The demand for a new treatment for stroke could be substantial, given the current lack of an effective therapy. For our model, let’s assume that 15% of stroke patients are treated in the first year, and that the number of patients treated each year grows each year until a maximum of 50% of stroke victims are being treated. Obviously, these assumptions could be made more or less aggressive. But if one considers the tremendous impact on quality of life, enormous costs of clinical care, long term institutional care, physical therapy and rehabilitation, these estimates feel appropriate for a safe and effective new therapy that can be administered to a stroke patient within a reasonable period of time (i.e. beyond a few hours).
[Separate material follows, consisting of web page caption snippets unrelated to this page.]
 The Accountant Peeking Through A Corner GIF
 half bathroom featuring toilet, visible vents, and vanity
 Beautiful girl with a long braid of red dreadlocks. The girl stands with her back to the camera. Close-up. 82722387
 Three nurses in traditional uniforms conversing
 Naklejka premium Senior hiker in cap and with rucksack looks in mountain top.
1Assumes 15% market penetration in the first year, with a 25% annual growth rate thereafter, and assumes a 20% net profit on sales.
2Assumes a maximum market penetration of 50% is achieved in year 7.
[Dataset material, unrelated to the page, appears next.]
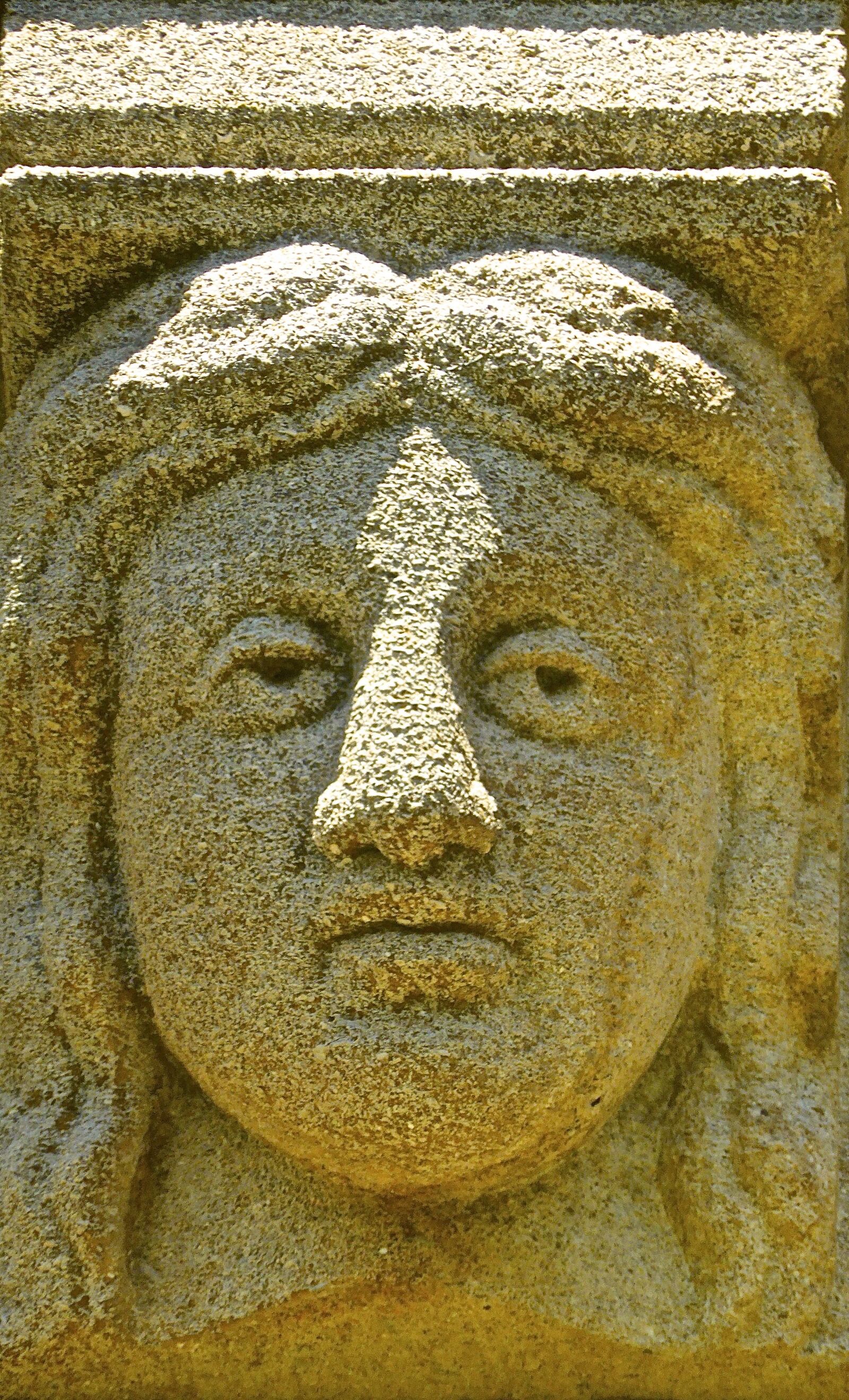 Panasonic DMC-TZ41 sample photo. Face, stone, carving photography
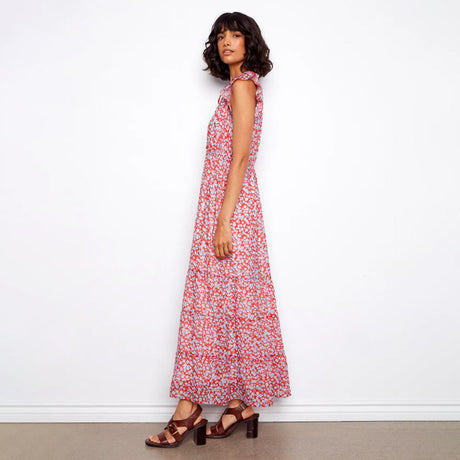 Woman wearing a red floral dress against a white background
This results in a total discounted value of the projected future profit stream of $18,186 million. However, given that this profit stream would occur well into the future, we still have to discount for risk of development, projected cost of development, and time of development, as described above. When we apply the relevant discount factors for estimated probability of success (between 9% and 26%), and the financial discount for 7 years of development time (~52% financial discount, using a 10% annual financial discount rate), and subtract estimated clinical development costs for the project of $150 million, we can complete the analysis.
Using this approach we see that the estimated worth of the project is still a considerably high value of somewhere between $700 million and $2.27 billion – even after fully discounting for all costs, the “time value” of money, and development risk factors. If we assume an outstanding share count of 40 million shares for the company developing the therapy, we see that this should have a substantial impact on the price per share value. In fact, this project alone would yield a conservative value of approximately $17.50 to $56.75 per share. If we assume a higher price point, better profitability, faster or more significant market penetration, or lower discount rate, the value increases accordingly.
Summary
The financial analysis techniques described here may not be familiar to many investors, but they utilize standard valuation techniques to estimate value of a potential project, in this case, the potential value of a new therapy to treat stroke. These types of models can be constructed using Excel, or similar types of software, and the same techniques can be applied to estimate the potential value of new therapies to treat other significant unmet medical needs, like heart disease, other neurological conditions, inflammatory and immune diseases, as well as a range of others. When properly applied, these techniques should help investors make more informed decisions about the potential attractiveness of a given investment opportunity, and allow them to discount for the risk, time and cost of development. Applying these techniques carefully can help investors spot compelling investment opportunities.